◆ **WHAT YOU NEED TO DO**: Print word for word the first line of the records below and every following line through the one containing "Casa em Condomínio"; print nothing else.

Short descriptive text snippets
=-=-=-=-=
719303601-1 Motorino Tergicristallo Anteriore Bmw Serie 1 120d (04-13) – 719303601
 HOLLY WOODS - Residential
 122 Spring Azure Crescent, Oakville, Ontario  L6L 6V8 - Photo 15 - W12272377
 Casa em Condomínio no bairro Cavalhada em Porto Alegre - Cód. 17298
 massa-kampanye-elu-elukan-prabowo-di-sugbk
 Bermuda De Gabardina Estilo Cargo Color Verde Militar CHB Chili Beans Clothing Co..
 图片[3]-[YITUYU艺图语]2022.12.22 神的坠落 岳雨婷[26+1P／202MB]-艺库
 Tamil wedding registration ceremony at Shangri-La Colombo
=-=-=-=-=
◆ **COMPLETED TASK**:
719303601-1 Motorino Tergicristallo Anteriore Bmw Serie 1 120d (04-13) – 719303601
 HOLLY WOODS - Residential
 122 Spring Azure Crescent, Oakville, Ontario  L6L 6V8 - Photo 15 - W12272377
 Casa em Condomínio no bairro Cavalhada em Porto Alegre - Cód. 17298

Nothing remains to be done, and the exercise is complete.